### PROBLEM DETAILS
Print the data exactly as written, line for line, and leave its pictures behind.

### GIVEN DATA
%%
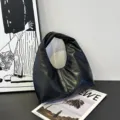 Schicke schwarze PU Leder Hobo Handtasche für Damen, minimalistische geknotete Schultertasche. - Schwarz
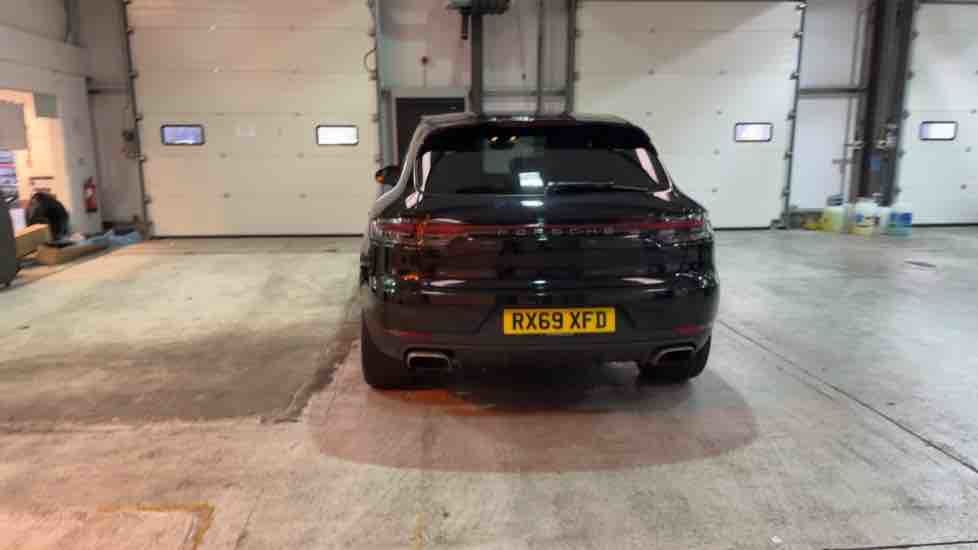 More views of Porsche Macan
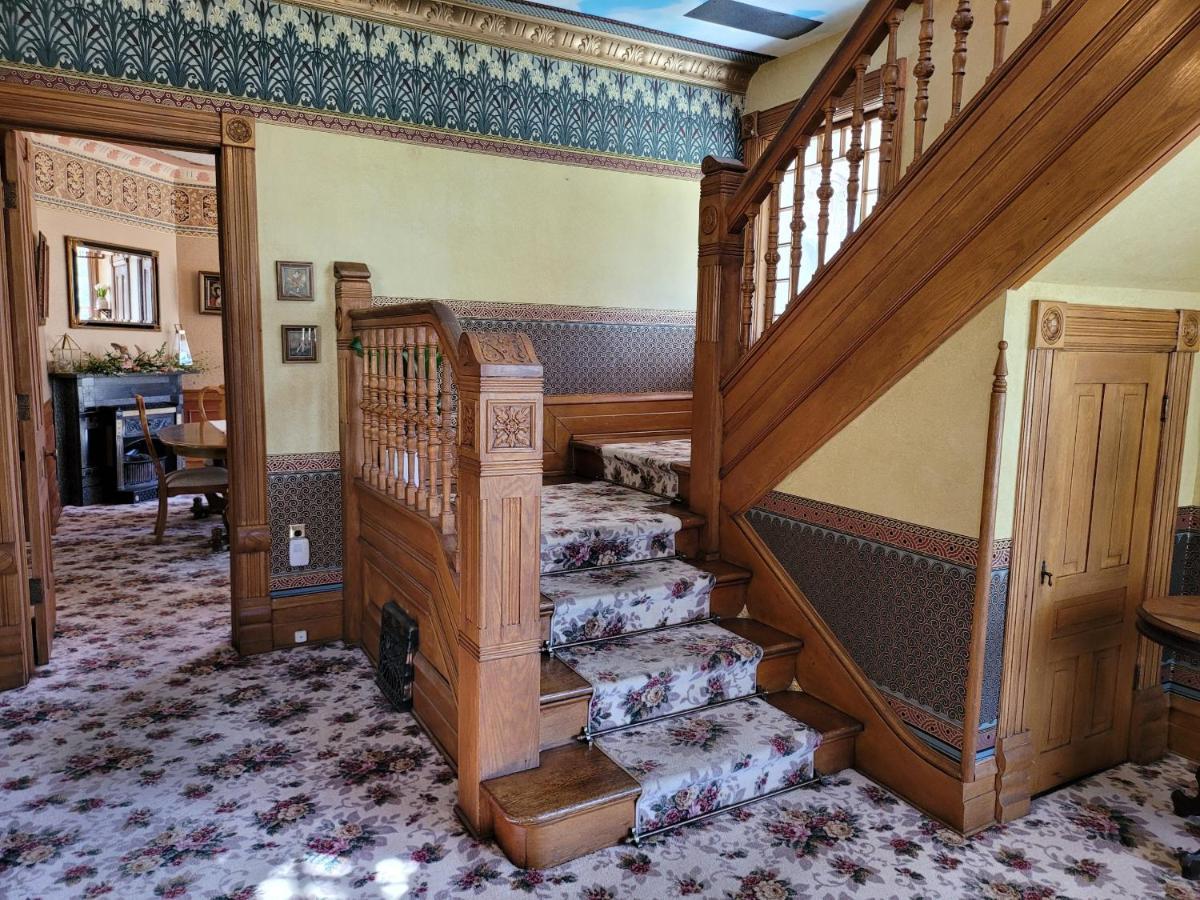 Bellaire Grand Victorian B&B Inn מראה חיצוני תמונה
%%
### TASK RESULT
 Schicke schwarze PU Leder Hobo Handtasche für Damen, minimalistische geknotete Schultertasche. - Schwarz
 More views of Porsche Macan
 Bellaire Grand Victorian B&B Inn מראה חיצוני תמונה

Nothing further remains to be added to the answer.